Mr Voisineck ressortit de la maison habillé en jardinier, toujours guilleret, ne sembla pas remarquer que l’ambiance n’était pas au beau fixe, et se dirigea comme toujours, vers le fond de son jardin, sans voir tout de suite qu’il marchait sur une allée semée de pétales de roses…

Puis il se figea.

Moment affreux où tout le monde prit conscience qu’il retenait son souffle. Nous fîmes de même, sauf Eric…

Il fit demi-tour lentement, nous regarda tous, surtout sa fille dont le visage gonflé avouait la culpabilité. C’était de sa faute : « papa, je te demande pardon ».

Non ce n’était pas la faute de sa fille, c’était la faute de ce diable de gamin descendant d’un horde de sauvages, que personne n’avait éduqué.

Il rentra dans la maison en claquant la porte… Son silence avant le claquage de la porte du salon, fut pour nous le plus bruyant de la journée qui n’était pas terminée…

12 réponses sur “L’éducation à l’américaine (5) (ou…) : le coup des rosiers (2)”

  1. À la place du père Voisineck, j’aurais rammassé des poignées de pétales de roses et je les aurais fait bouffer à ce sale morveux !

    J ‘attend avec impatience de lire la suite, pour savoir si le petit démon a été châtié.. ou pas !

    Grand merci, Calpurnia, pour ce feuilleton désopilant

  2. J’adore!!! Ton blog est un régal, tu as un art de conter incroyable!
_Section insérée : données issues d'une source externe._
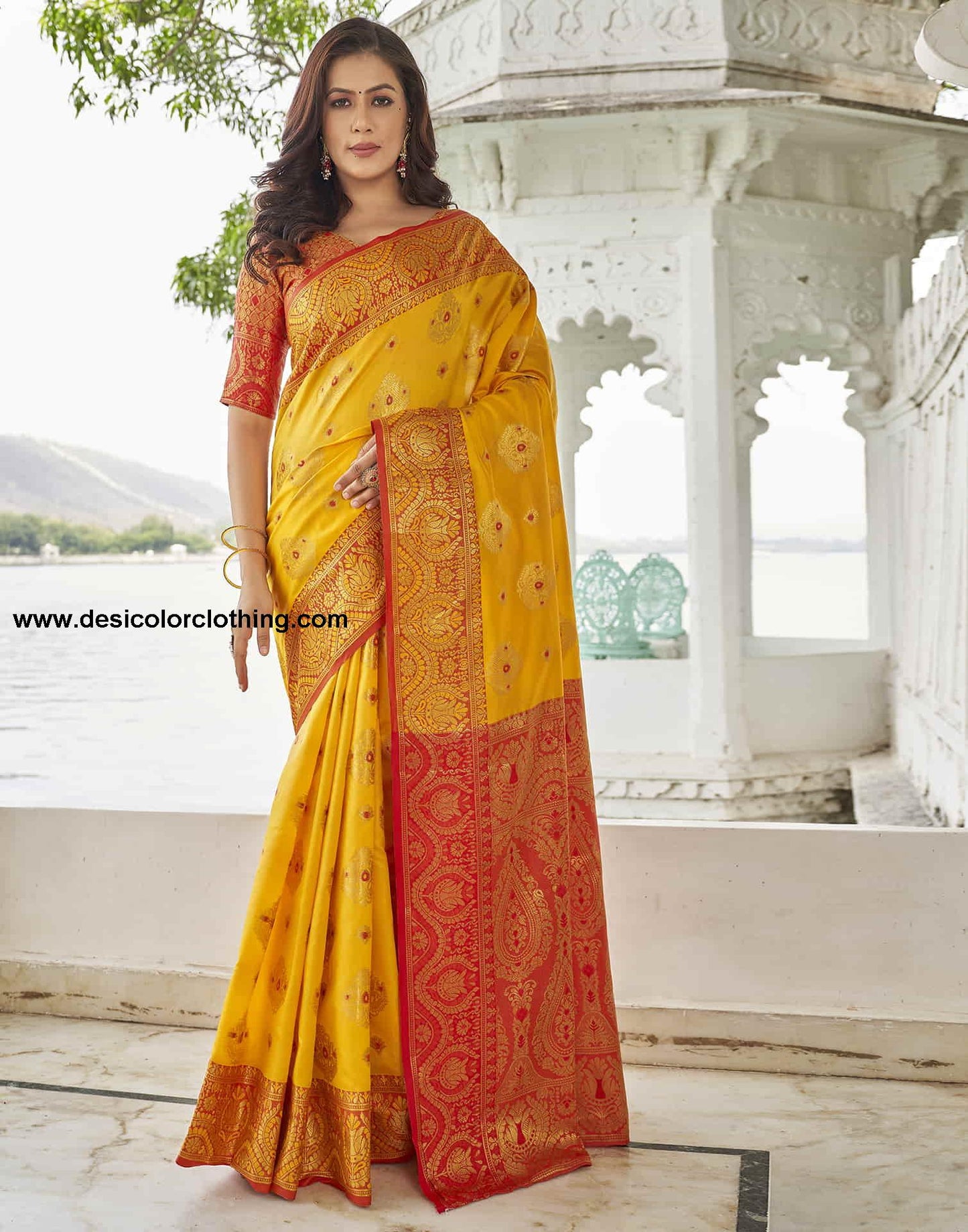 Yellow Silk Woven Banarasi Saree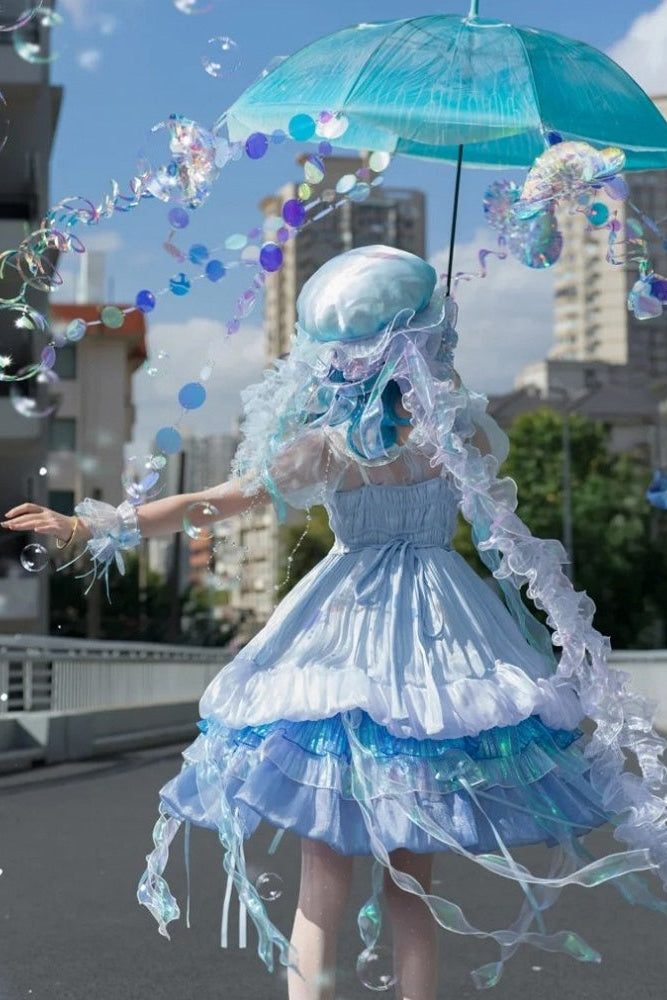 [Date limite de précommande : 1er août] Robe JKS lolita féerique méduse océan blanc x bleu à superpositions avec traîne aurore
J’attends chaque jour avec impatience le nouveau post! Merci, MERCI!

  3. Moi aussi j’attends la suite avec impatience !
    Cette histoire de fleurs coupées me rappelle le bouquet de fleurs que m’avait gentiment offert la fille de ma copine, alors âgée de 5 ans : elle avait cueilli toutes les fleurs du parterre qui venait à peine de fleurir …. avec toute la délicatesse des enfants ! Mais c’était pour me faire plaisir 🙂 Il va sans dire que j’étais absolument ravie !
    Mais que dire ?

  4. Titia : je pense que l’oncle y avait pensé sérieusement à lui faire bouffer les pétales de roses…
    Et un grand merci pour le « désopilant » !
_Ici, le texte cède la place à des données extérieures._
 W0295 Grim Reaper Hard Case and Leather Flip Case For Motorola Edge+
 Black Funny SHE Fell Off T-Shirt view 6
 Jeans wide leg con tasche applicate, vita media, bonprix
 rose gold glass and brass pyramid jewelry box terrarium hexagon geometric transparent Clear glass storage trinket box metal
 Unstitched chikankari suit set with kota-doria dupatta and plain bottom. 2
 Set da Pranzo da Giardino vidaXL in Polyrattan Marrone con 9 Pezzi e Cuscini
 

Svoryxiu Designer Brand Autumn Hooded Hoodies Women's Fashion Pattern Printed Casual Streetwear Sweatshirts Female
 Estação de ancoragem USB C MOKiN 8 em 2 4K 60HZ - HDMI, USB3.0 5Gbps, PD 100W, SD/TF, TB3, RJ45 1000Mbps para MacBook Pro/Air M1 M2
  5. vivi : là ce n’était pas tout à fait la même chose, il y avait chez Eric une véritable intention de détruire les fleurs…
    Il aurait voulu les offrir que la suite eut été différente…
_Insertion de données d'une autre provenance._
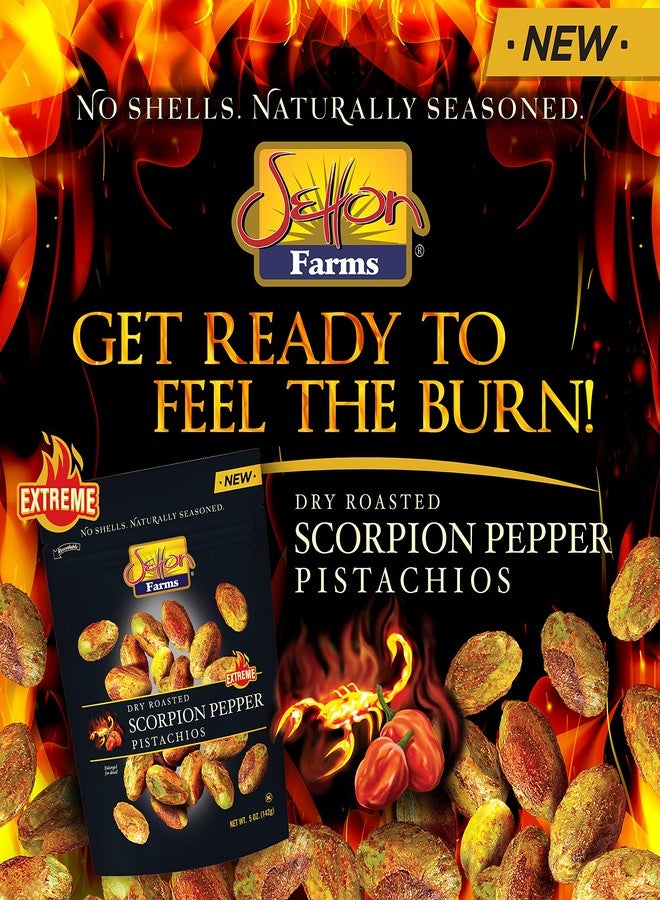 Setton Farms Pistachios, Scorpion Pepper Extreme Flavor, Naturally Seasoned, Dry Roasted No Shell, Non-GMO Project Verified, Gluten Free, Vegan, Kosher, 5 Oz - Image 3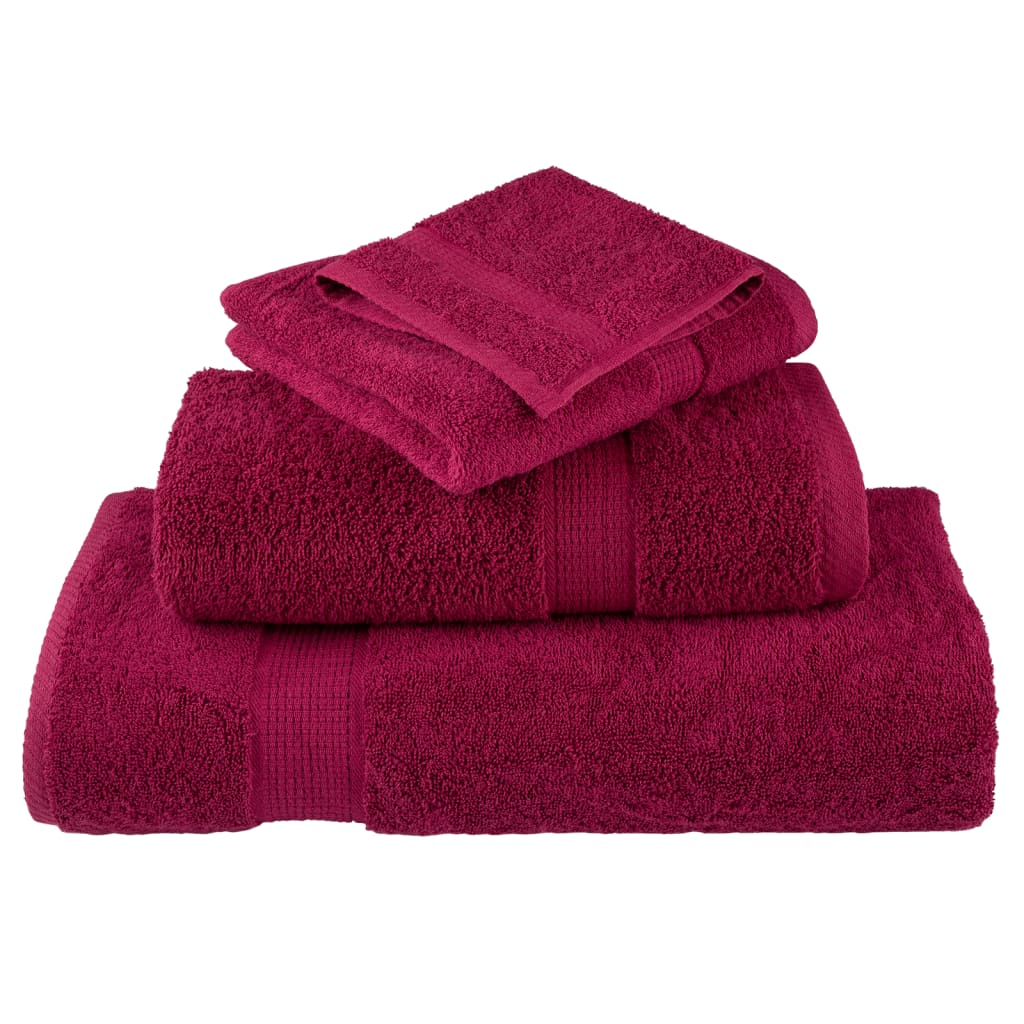 Set de prosoape premium SOLUND, 6 piese, bordo, 600 g/m²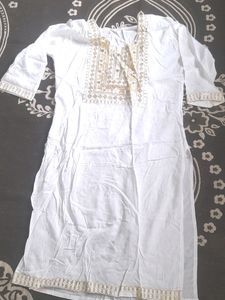 White Kurti Set With Golden Deign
  6. Gentille sorcière plutôt Samantha ou Pendora ?
    (Avec le temps qui est passé je trouve que Pendora
    Était plus drôle )
    Pauvre petit Eric il devait être un peu maso

  7. Aline : j’ai toujours eu un faible pour la mère, Endora, qui physiquement ressemblait à Mrs Morgan…
    Eric n’était pas maso, c’était juste un gosse totalement non éduqué…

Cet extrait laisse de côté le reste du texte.